As previously reported, the ancient Roman resort town Pompeii wasn’t the only city destroyed in the catastrophic 79 AD eruption of Mount Vesuvius. Several other cities in the area, including the wealthy enclave of Herculaneum, were fried by clouds of hot gas called pyroclastic pulses and flows. But still, some remnants of Roman wealth survived. One palatial residence in Herculaneum—believed to have once belonged to a man named Piso—contained hundreds of priceless written scrolls made from papyrus, singed into carbon by volcanic gas.

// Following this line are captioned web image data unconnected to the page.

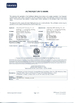 China ShenZhen BST Industry Co., Limited certificaciones
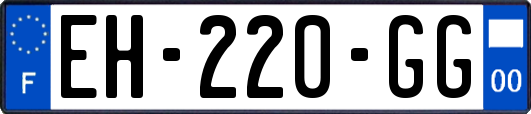 EH-220-GG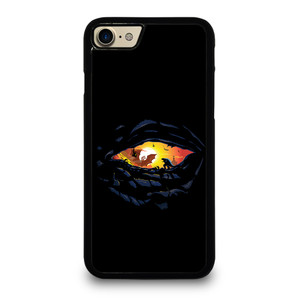 GODZILLA EYES iPhone 7 Case GODZILLA EYES iPhone 7 Case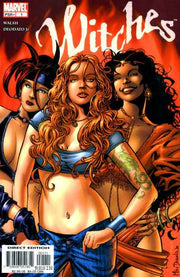 Witches #1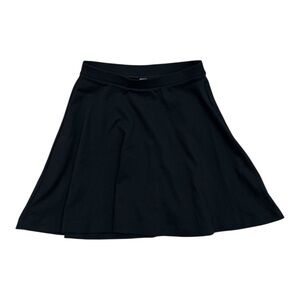 Old Navy Classic Black Mini Circle Skirt - Women’s Size XS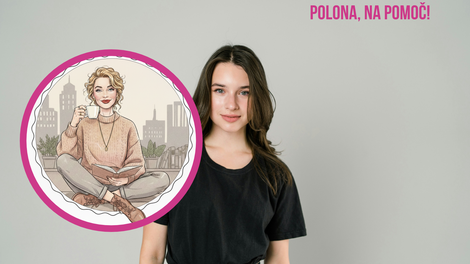 "Moja tašča je vnukinji za 18. rojstni dan obljubila avto. Ko je izvedela, da ima fanta, si je premislila!" (dilema Slovenke)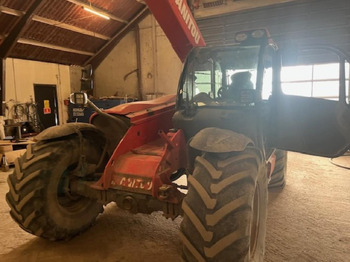 MANITOU MLT 840-137 PS Teleskoplader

The scrolls stayed buried under volcanic mud until they were excavated in the 1700s from a single room that archaeologists believe held the personal working library of an Epicurean philosopher named Philodemus. There may be even more scrolls still buried on the as-yet-unexcavated lower floors of the villa. The few opened fragments helped scholars identify a variety of Greek philosophical texts, including On Nature by Epicurus and several by Philodemus himself, as well as a handful of Latin works. But the more than 600 rolled-up scrolls were so fragile that it was long believed they would never be readable since even touching them could cause them to crumble.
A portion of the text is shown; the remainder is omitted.